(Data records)

========

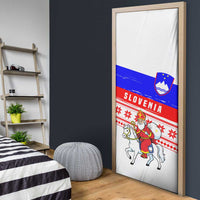 Slovenia Christmas Door Cover with Saint Nicholas White Horse Snowflake Pattern and National Flag Design - Wonder Print Shop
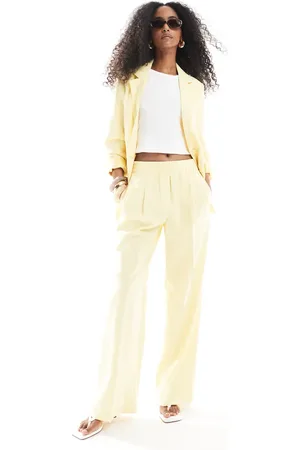 VERO MODA Mix and match wide leg trouser co-ord in pale banana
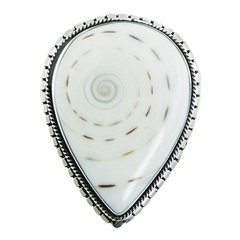 White conch shell hand soldered ring 2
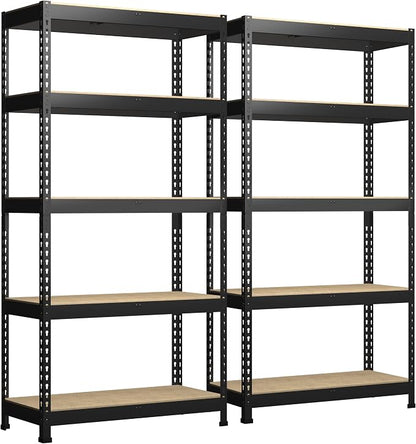 PrimeZone Storage Shelves 2 Packs 5 Tier Adjustable Garage Storage Shelving by PrimeZone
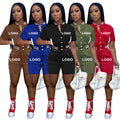 2026 Custom Logo Women New Arrivals Set Summer Crop Top Two Piece Short Set Women Shorts Tracksuits Set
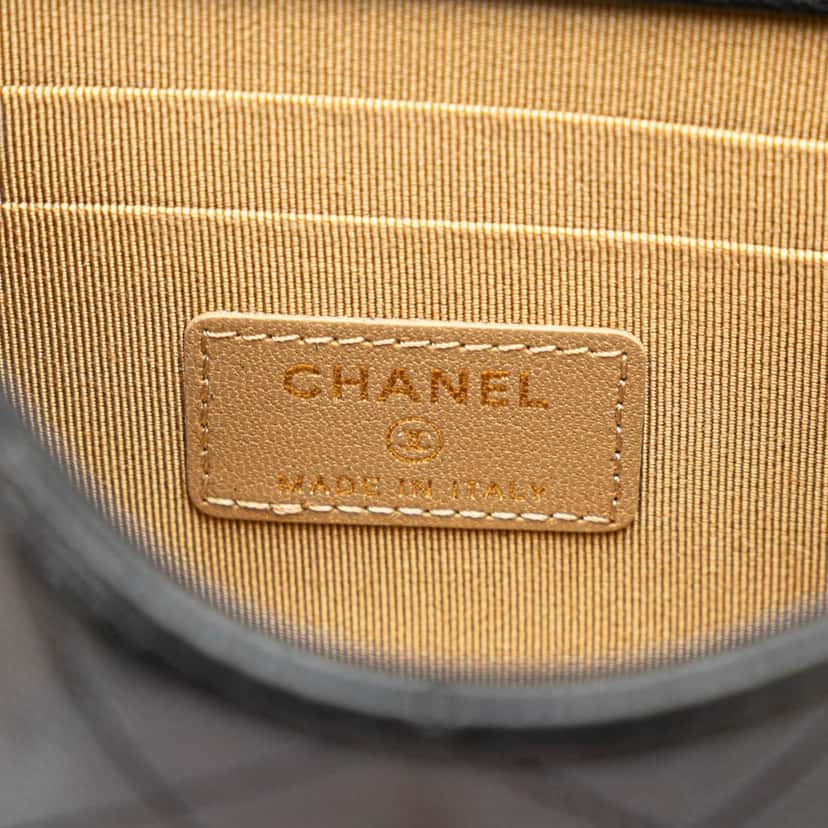 Chanel Mini Goatskin Chic Pearls Clutch On Chain Black Leather Very good condition - Box View
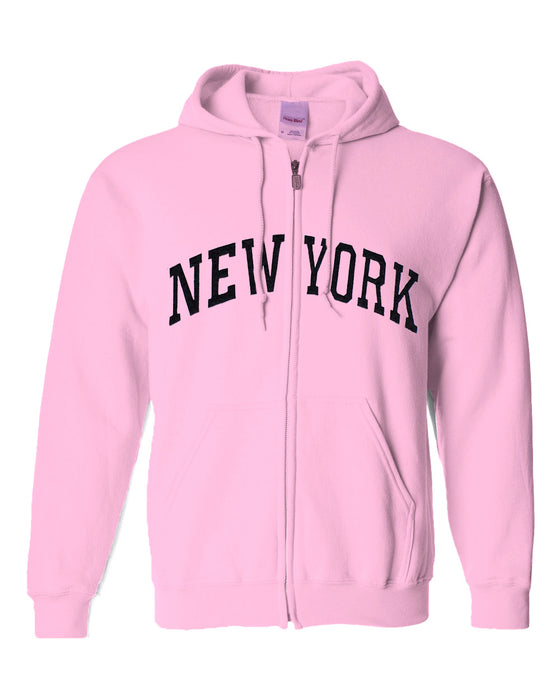 Embroidered Grayscale Zip-up New York Hoodie | NYC Hoodie (6 Colors)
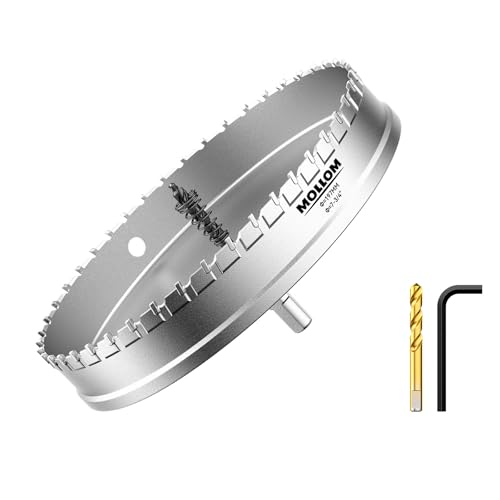 Mollom 7-3/4" (197mm) Hartmetall-Lochsäge Schwerlast mit 2 Zentrierbohrern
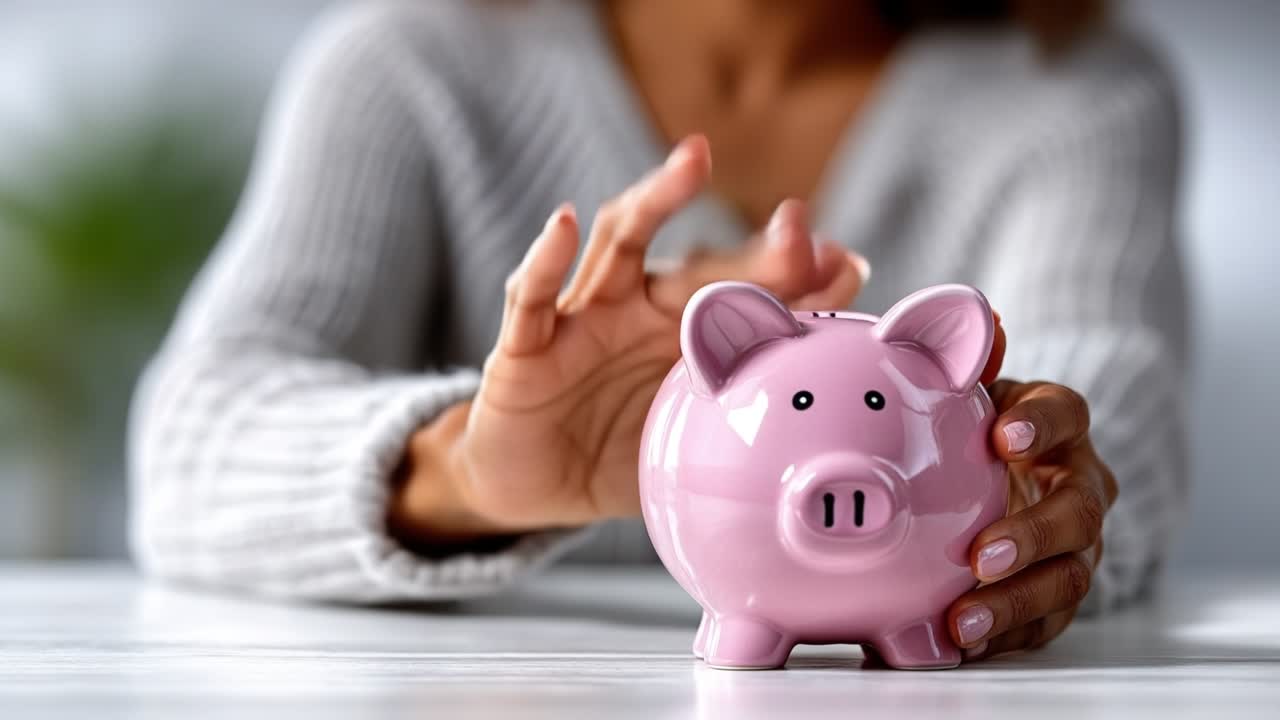 Primer plano de manos femeninas sosteniendo una hucha rosa sobre una mesa para un concepto de ahorro e inversión financiera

========

- _Brief_: Transcribe the records above exactly and drop every picture.

- _Exercise solution_:
 Slovenia Christmas Door Cover with Saint Nicholas White Horse Snowflake Pattern and National Flag Design - Wonder Print Shop
 VERO MODA Mix and match wide leg trouser co-ord in pale banana
 White conch shell hand soldered ring 2
 PrimeZone Storage Shelves 2 Packs 5 Tier Adjustable Garage Storage Shelving by PrimeZone
 2026 Custom Logo Women New Arrivals Set Summer Crop Top Two Piece Short Set Women Shorts Tracksuits Set
 Chanel Mini Goatskin Chic Pearls Clutch On Chain Black Leather Very good condition - Box View
 Embroidered Grayscale Zip-up New York Hoodie | NYC Hoodie (6 Colors)
 Mollom 7-3/4" (197mm) Hartmetall-Lochsäge Schwerlast mit 2 Zentrierbohrern
 Primer plano de manos femeninas sosteniendo una hucha rosa sobre una mesa para un concepto de ahorro e inversión financiera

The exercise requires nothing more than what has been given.